The centerpiece of Violet Dennison’s new show, “Damaged Self,” at Tara Downs in New York is a painting of a purple flower, a “pop silhouette” of a Jacob’s ladder wildflower, to be specific. The artist is well aware that the color corresponds with her own first name, confirming as much with a slight nod and smile. (It’s echoed again in the title, Jacob’s Ladder Flower in Violet, 2024.) “There’s always some sort of language tied to my work,” Dennison explains. She was drawn to the Biblical and spiritual connotations of the plant’s name, too; coincidentally, she’d found herself in something of a Biblical situation the day after she’d discovered the flower near her boyfriend’s family’s house in California, when a raging wildfire passed in the vicinity.
Narratives aside, the core concept of “Damaged Self” is abstraction, Dennison, 35, stresses. Even as she riffs on representative motifs including but not limited to the wildflower, her 15 new works are awash with broad, expressive strokes. All were executed in her studio with squeegees and paintbrushes, leaving an effect in the lineage of Abstract Expressionism but with a uniquely Dennison touch, as the artist combines her eye for composition with in-the-moment instinct for layering color and texture.

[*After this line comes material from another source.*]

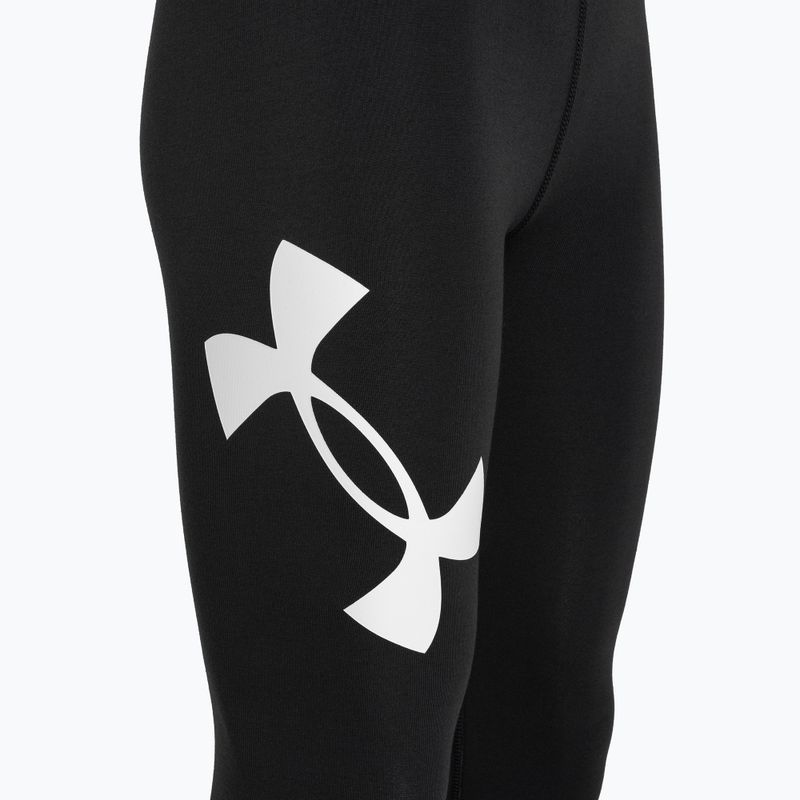 Leggings Under Armour Campus nero/bianco da donna 7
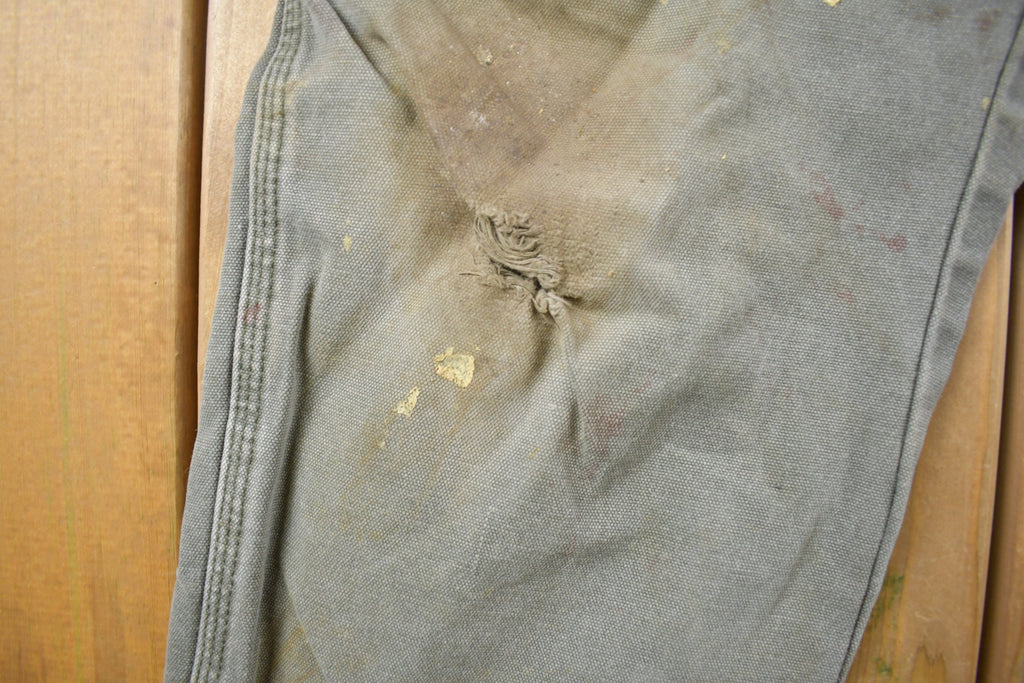Vintage 1990s Dickies Distressed Painter Cargo Pants 32 x 30  Hype Vintage  Workwear  American Vintage  Streetwear Fashion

Previous bodies of her work have taken form as abstract sculptures and installations, and she’s put a great deal of thought into the process as she’s turned her attention to the canvas. “There’s something about painting in general, particularly abstraction, it’s very hard to talk about and hard to write about,” she says. “I think that's what draws me into it, that it is this subjective visual experience.” Unmissable are a trio of monochrome paintings, Burnt Out! Green 1-3, 2024, that take up lime-green pigment applied in sweeping gestures, forming dimensional knots, flat sheets, and dark speckles out of the single hue. Nearby, several “Tilt” paintings delve into geometric abstraction as each features a multi-colored rectangle superimposed at an angle within the physical canvas, leaving neutral-toned patches around the edges. “It’s a painting of an unstretched painting,” Dennison explains. “I’m approaching the painting in a systematic way: ‘I’m tilting it,’ ‘I’m erasing it.’”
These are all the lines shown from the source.